• [ASSIGNMENT]:
Your task is to restate word for word the lines of the listing below that start at the one containing "Одышка – причины, симптомы и лечение" and run to the end; please add nothing.

• [RECORDED DATA]:
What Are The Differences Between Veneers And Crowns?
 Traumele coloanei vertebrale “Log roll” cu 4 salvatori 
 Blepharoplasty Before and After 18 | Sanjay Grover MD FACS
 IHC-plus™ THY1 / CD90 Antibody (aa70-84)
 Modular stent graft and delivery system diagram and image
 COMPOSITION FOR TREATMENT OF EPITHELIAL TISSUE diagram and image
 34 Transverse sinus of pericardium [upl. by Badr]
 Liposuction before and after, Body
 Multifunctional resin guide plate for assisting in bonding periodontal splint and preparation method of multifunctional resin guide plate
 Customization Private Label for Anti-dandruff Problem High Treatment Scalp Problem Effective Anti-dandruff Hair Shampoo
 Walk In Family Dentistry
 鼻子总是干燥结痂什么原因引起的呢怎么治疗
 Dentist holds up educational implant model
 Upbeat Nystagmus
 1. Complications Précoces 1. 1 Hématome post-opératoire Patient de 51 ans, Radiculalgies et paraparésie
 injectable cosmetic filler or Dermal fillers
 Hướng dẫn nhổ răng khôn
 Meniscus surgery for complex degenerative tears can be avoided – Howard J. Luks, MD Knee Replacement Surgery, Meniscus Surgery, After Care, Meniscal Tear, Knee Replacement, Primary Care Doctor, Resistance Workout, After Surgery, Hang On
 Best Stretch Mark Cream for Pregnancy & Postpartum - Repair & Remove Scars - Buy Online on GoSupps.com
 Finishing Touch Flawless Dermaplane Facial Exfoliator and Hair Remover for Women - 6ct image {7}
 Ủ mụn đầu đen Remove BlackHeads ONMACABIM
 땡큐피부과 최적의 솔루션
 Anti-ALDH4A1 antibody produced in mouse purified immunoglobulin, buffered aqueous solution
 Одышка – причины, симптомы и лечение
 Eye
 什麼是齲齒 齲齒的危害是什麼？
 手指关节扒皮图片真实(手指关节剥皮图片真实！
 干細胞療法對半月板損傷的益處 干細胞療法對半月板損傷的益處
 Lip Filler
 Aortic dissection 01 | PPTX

• [RESULT OF THIS EXERCISE]:
 Одышка – причины, симптомы и лечение
 Eye
 什麼是齲齒 齲齒的危害是什麼？
 手指关节扒皮图片真实(手指关节剥皮图片真实！
 干細胞療法對半月板損傷的益處 干細胞療法對半月板損傷的益處
 Lip Filler
 Aortic dissection 01 | PPTX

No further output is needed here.